Windstorm and hurricane losses account for an inordinate share of homeowners losses every year. In particular, people on the southeastern and central eastern seaboard and the Gulf Coast face substantial loss exposures to hurricanes and tropical storms. There are, however, steps you can take concerning your home that can reduce your exposure to these losses. These include risk control measures to four critical parts of your home susceptible to high wind damage — the roof, windows, entry doors, and garage doors.

* Roof — The installation and design of a roof is a critical factor concerning protection from high winds and hurricanes. For example, the roof sheathing (the boards or plywood nailed to the roof rafters or

trusses) can fail during a hurricane if not property installed. If many of the nails have missed the rafters, additional nailing is necessary. The sheathing on your roof should comply with the current building codes. In wind-prone areas, many building codes require six nails per shingle rather than four. Adding screws between the nails can also provide reinforcement.

In addition, gables need to be tightly attached and reinforced to the frame walls.

Lastly, hurricane clips should be considered in hurricane-prone areas.

These clips help prevent mammoth winds from ripping the roof off a house.

The clips are made of galvanized steel and are used to connect the rafters to the roof at the top of the house and the bottom part of the house to a plate that is bolted to the slab.

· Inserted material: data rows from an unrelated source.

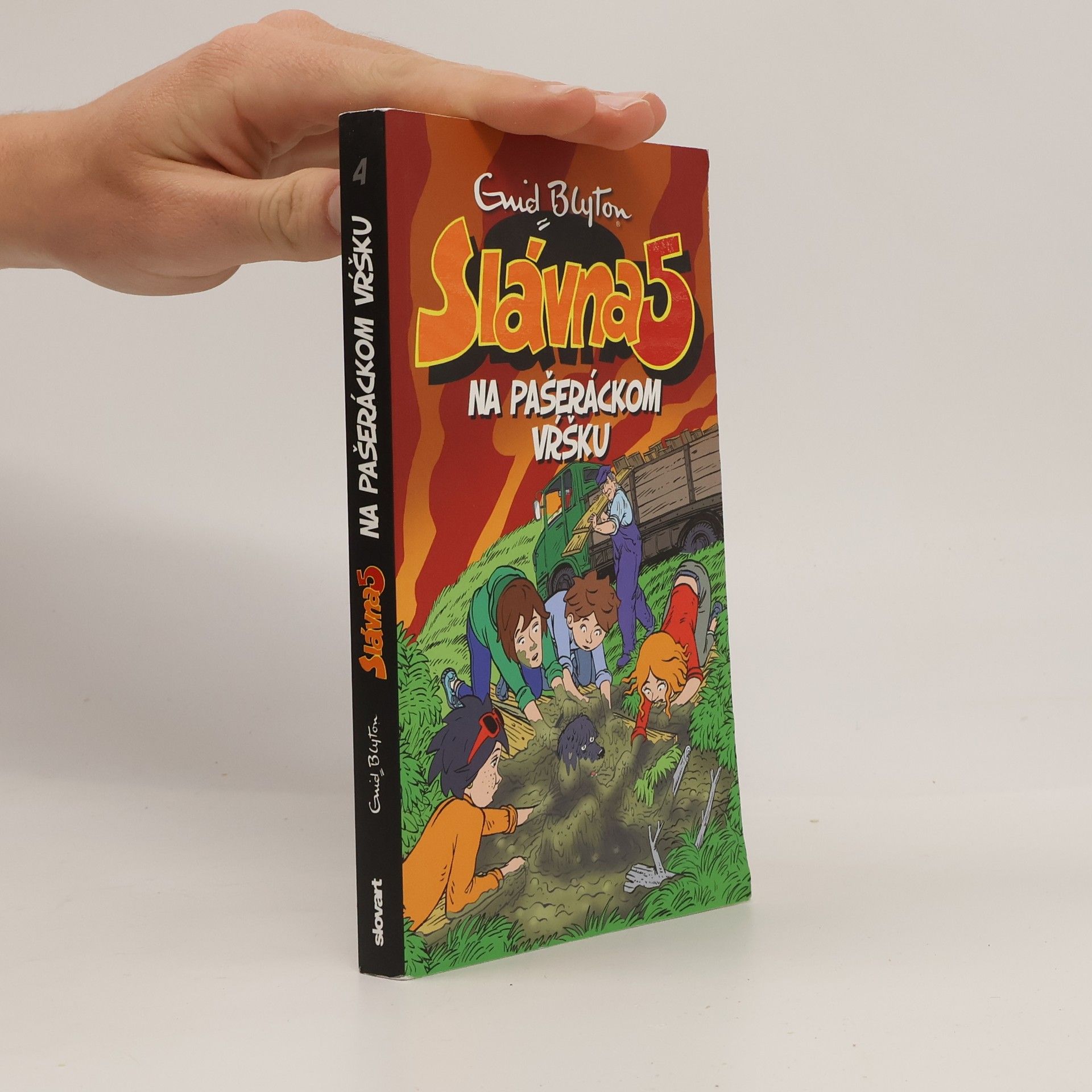 Enid Blyton Slávna päťka na Pašeráckom vŕšku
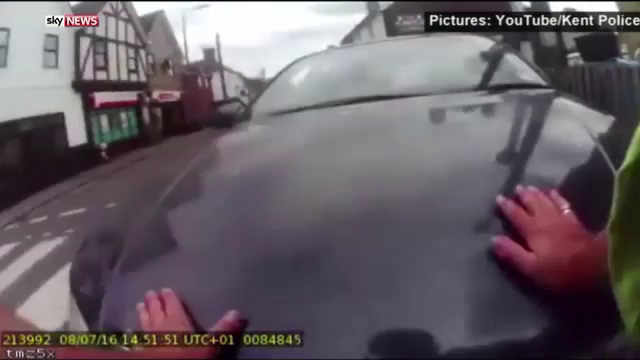 Un politist englez a vrut sa-i dea unui sofer o amenda, dar a fost luat pe capota. Incidentul a fost filmat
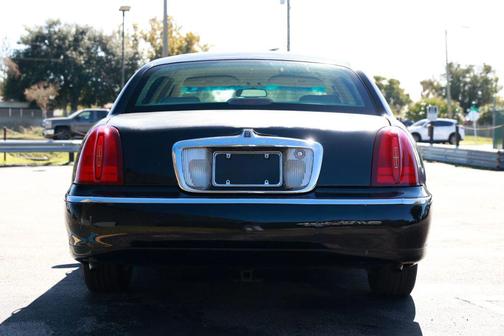 2001 Lincoln Town Car Cartier
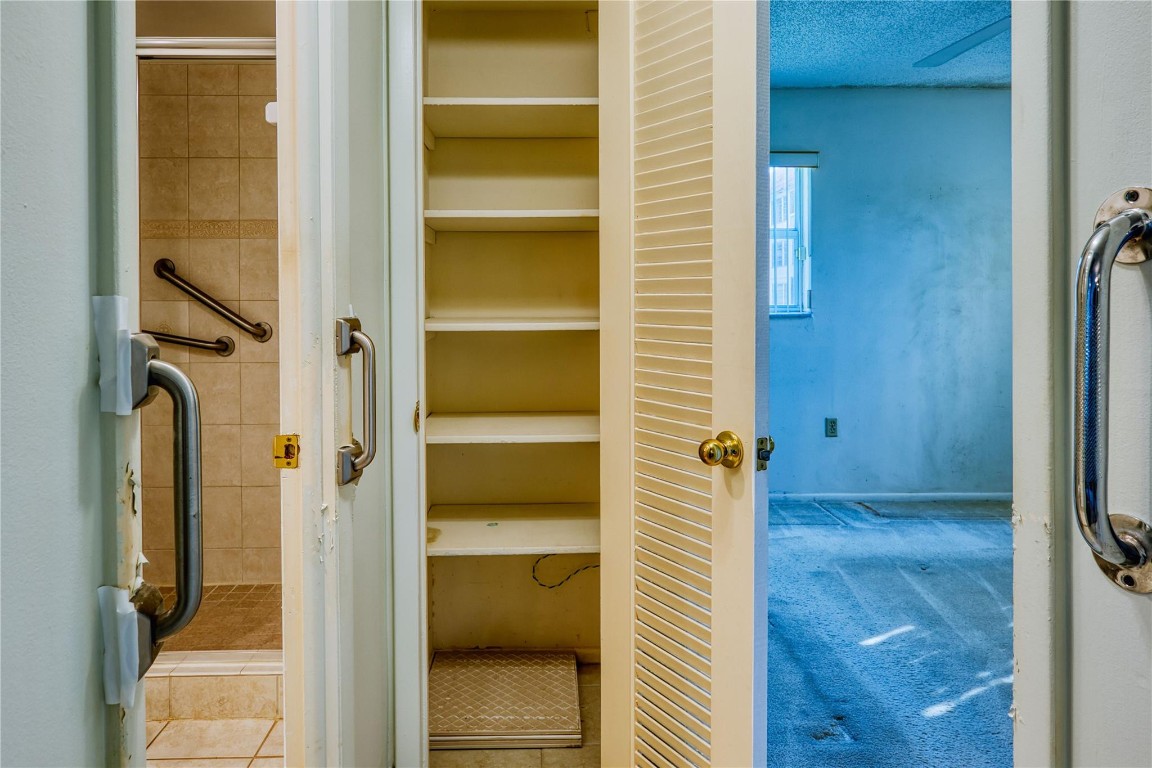 3001 E Sunrise Lakes Dr 112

Properly installed hurricane clips enable your roof to withstand winds of up to 100 mph.

* Windows — One way to protect your windows is to install impact-resistant shutters over all large windows and glass doors. Not only do they protect your doors and windows from wind-borne objects, but they can also reduce damage caused by sudden pressure changes when a window or door is broken. An alternative is the installation of impact-resistant windows and patio doors.

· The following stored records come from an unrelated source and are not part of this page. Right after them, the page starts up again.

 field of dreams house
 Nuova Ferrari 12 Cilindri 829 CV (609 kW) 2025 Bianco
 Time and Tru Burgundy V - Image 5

* Entry doors — Solid wood or hollow metal doors are more effective in resisting high winds. They should have at least three hinges and a dead bolt security lock.

* Garage doors — Because of their width, doublewide garage doors are more susceptible to high winds than singlewide doors. Retrofit kits are available for doublewide garage doors. These can reinforce your garage door by installing horizontal and/or vertical bracing onto each panel.

Heavier hinges can also strengthen your home.